Table of Contents |
---|
Checklist
- User Stories Documented
- User Stories Reviewed
- Design Reviewed
- APIs reviewed
- Release priorities assigned
- Test cases reviewed
- Blog post
Introduction
One common use case is that of a user running a relational database with multiple tables. They would like to create copies of those tables in a data warehouse like BigQuery in a single, simple operation. All existing data should be copied first, then new changes (inserts, updates, deletes) that are applied to the relational db tables should be reflected in the BigQuery tables within minutes. Newly created tables in the relational db should automatically appear in BigQuery. Tables that are deleted in the relational db should be delete in BigQuery. Compatible schema changes should also be reflected.

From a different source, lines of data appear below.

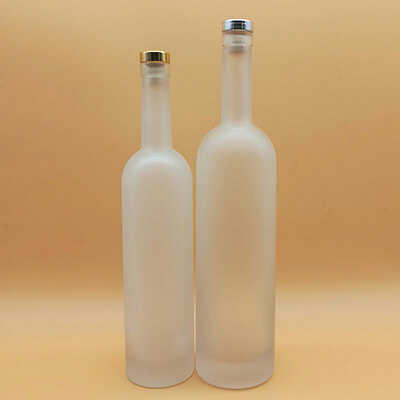 Download 750ml Frosted Glass Bottles Wholesale | Glass Alcohol Bottles Supplier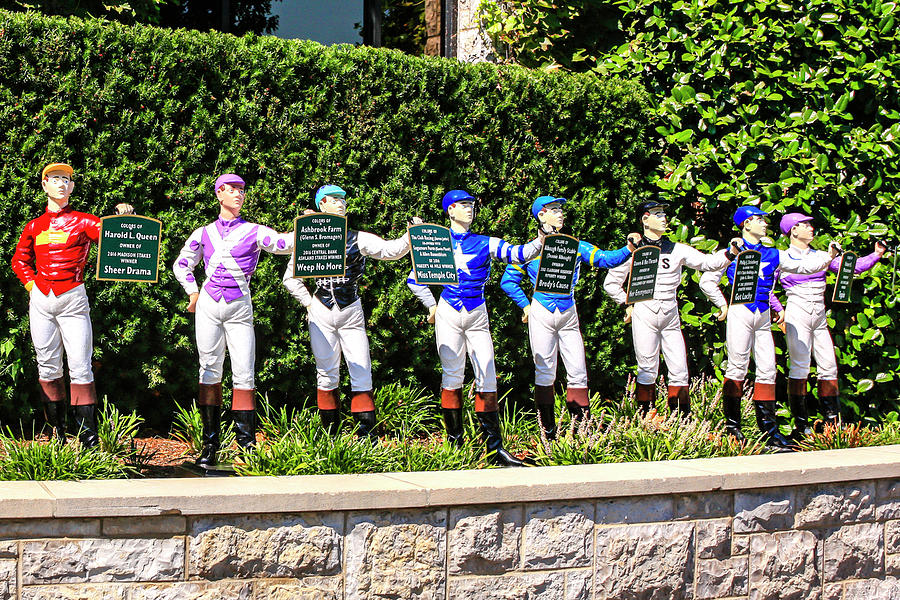 Colors of Past Stakes at Keeneland KY #3 Photograph by Chris Smith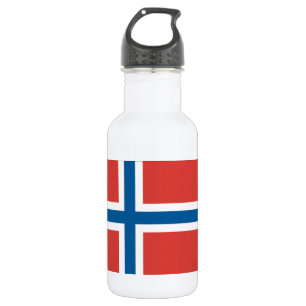 Norwegian Flag 532 Ml Water Bottle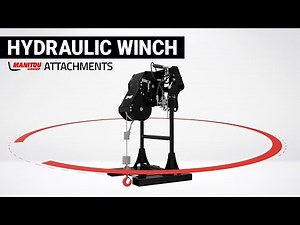 Increase the versatility of your #MANITOU rotating telehandler 🔴 Hydraulic Winch Direct Hook Mount 🔥
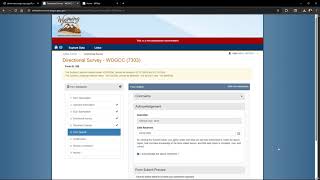 WYSTAR Directional Survey Upload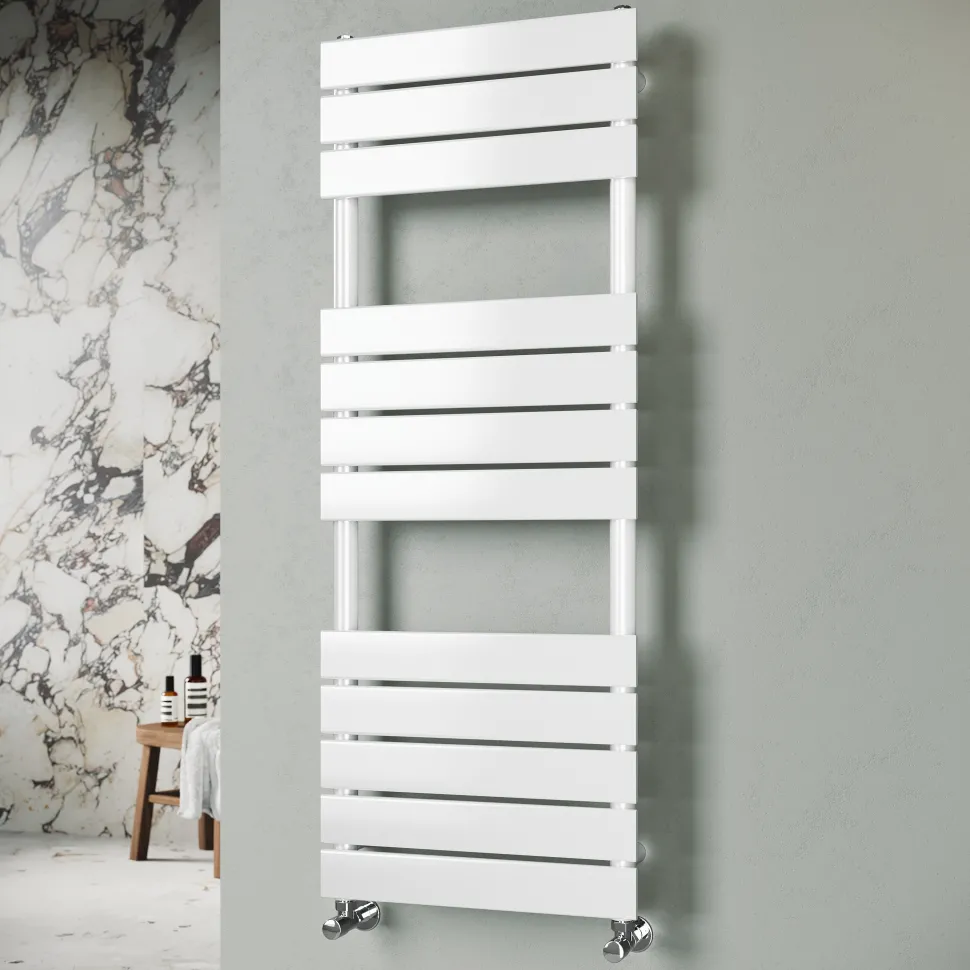 Toasty Hush White Flat Panel Heated Towel Rail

Pipelines are usually not suitable for these types of use cases, which more closely resemble replication than incremental loads. It is possible to incrementally load data from a single table to a single BigQuery table if the table never has deletes or updates and has a monotonically increasing column. Most users do not have a write pattern like this, so a better solution is required.
Goals
Design a way for users to easily create a continuously updating copy of their existing data.
Terminology
- Replicator - A program that reads changes applied to some source storage system and applies – or replicates -- them to a target storage system
- Source - The storage system to replicate from. The first version focuses on relational databases.

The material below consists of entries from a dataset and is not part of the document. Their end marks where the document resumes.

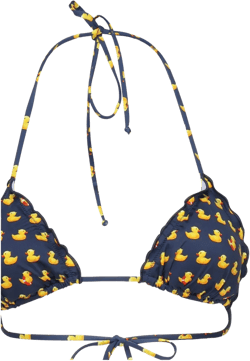 Sagittarius rubber-ducky ruffled bikini top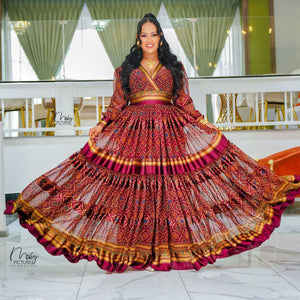 Suhana Ethiopian Chiffon Dress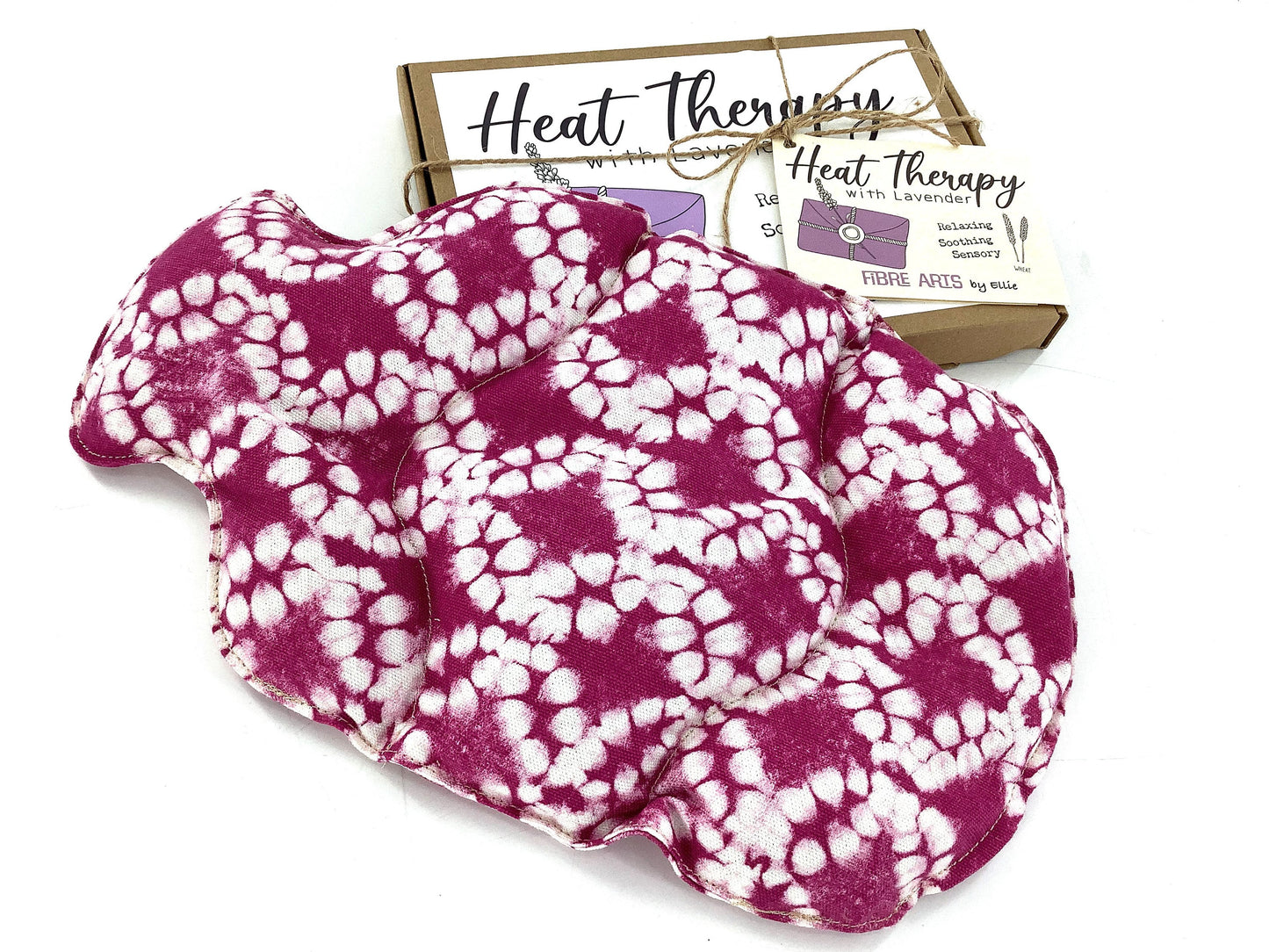 Wax Print Tie Dye 2L Bottle Shaped Wheat Bag. Lavender Scented or Unscented Warming Gift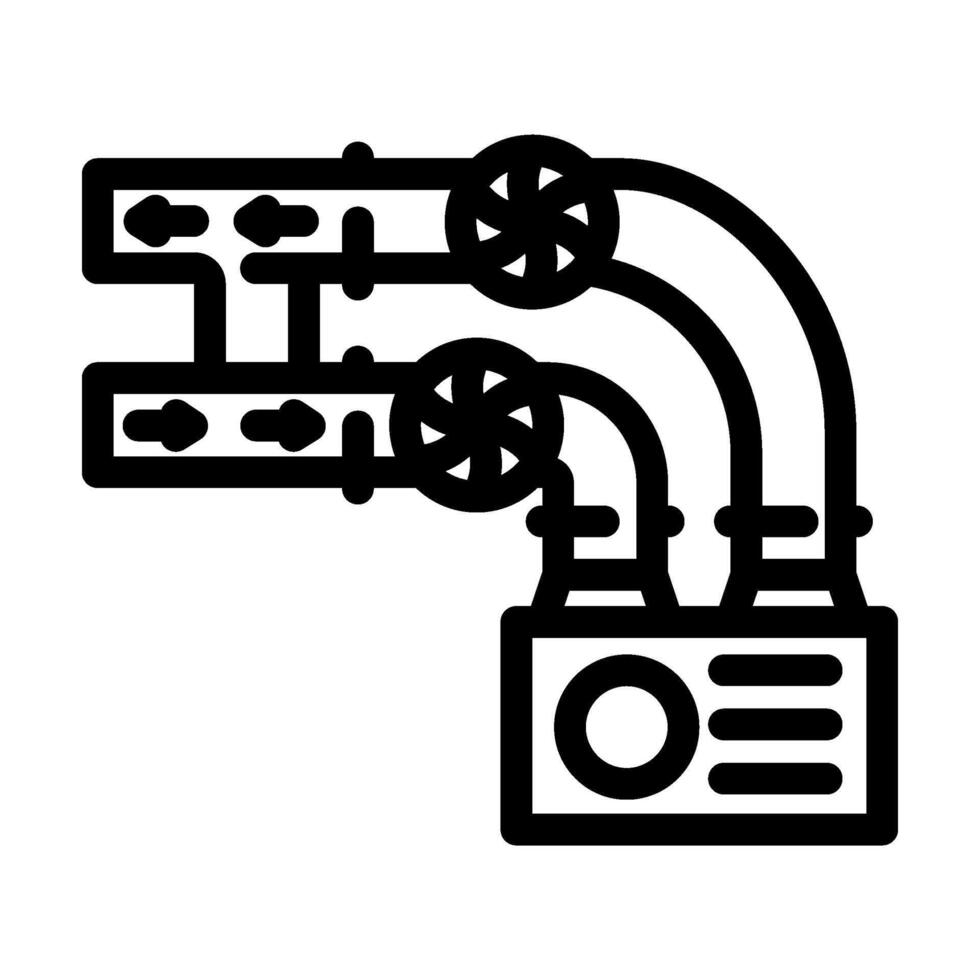 Belüftung System Linie Symbol Illustration vektor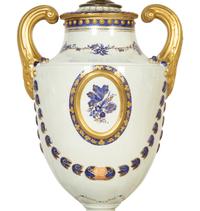 A Pair of Paris Porcelain Lamps and an Additional Lamp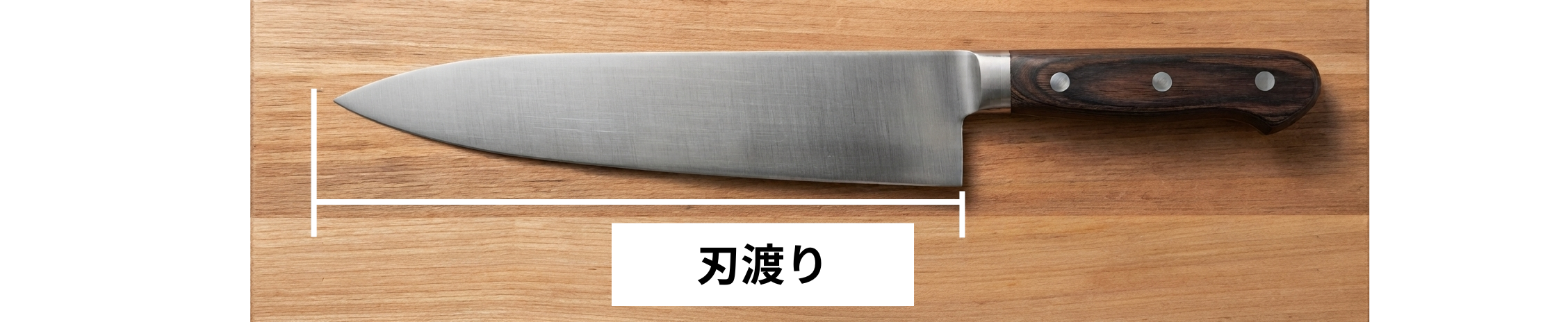 包丁の刃渡り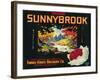 Sunnybrook Apple Label - Dayton, WA-Lantern Press-Framed Art Print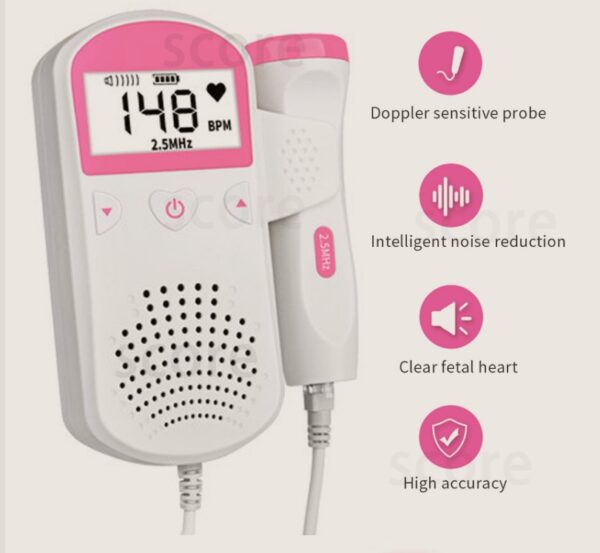 Pregnancy Fetal Doppler – Baby Heartbeat Sound & Heart Rate Monitor at Home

- Target - The storage system to replicate to. The first version focuses on data warehouses like BigQuery, Redshift, or Snowflake.

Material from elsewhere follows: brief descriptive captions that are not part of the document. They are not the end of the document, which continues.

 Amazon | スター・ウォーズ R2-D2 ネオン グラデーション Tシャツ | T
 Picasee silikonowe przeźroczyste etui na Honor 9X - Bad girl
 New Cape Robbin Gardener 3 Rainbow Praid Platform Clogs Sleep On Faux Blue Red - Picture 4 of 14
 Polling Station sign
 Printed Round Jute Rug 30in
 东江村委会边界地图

- DDL event - An event involving a structure in the source, such as the creation, alteration, or deletion of a table
- DML event - An event involving data in the source, such as the insertion, update, or deletion of a row in a table
User Stories
- As a data admin, I want to be able to replicate data from Oracle, MySQL, or SQL Server
- As a data admin, I want to be able to replicate data into BigQuery, Spanner, Redshift, or Snowflake
- As a data admin, I want my replicated tables to be updated within 5 minutes of the source table being updated
- As a data admin, if an event failed to replicate, but could possibly succeed on retry (ex: system temporarily down, somebody revoked privileges on the service account, etc), I want the replicator to be paused until the problem is fixed
- As a data admin, if an event failed to replicate in a way that cannot succeed on retry (ex: db column type was altered, which isn't supported in the destination), I want the replicator to be paused until the problem is manually fixed by an admin
- As a data admin, I want to know how many events failed to replicate to each target table
- As a data admin, I do not want any events to be lost even if the replicator crashes
- As a data admin, I do not want duplicate data in the target even if the replicator crashes
- As a data admin, I want to be able to tell how far behind my target tables are compared to my source tables
- As a data admin, I want to have some metrics around how quickly events are being replicated
- As a data admin, I want to be able to pause and resume a replicator
- As a data admin, I want to be able to delete a replicator
- As a data admin, I want to be able to select a subset of source tables to replicate to my target
- As a data admin, I want supported DDL events to be replicated to my destination system
- As a data admin, I want unsupported DDL events in my source to pause the replicator and alert an admin until a manual resolution is performed
- As a data admin, I want to be able to configure whether tables that are dropped in my source should automatically be dropped in my target
- As a data admin, I want to be able to see logs about my replicator in case there are issues (out of memory, permissions errors, etc)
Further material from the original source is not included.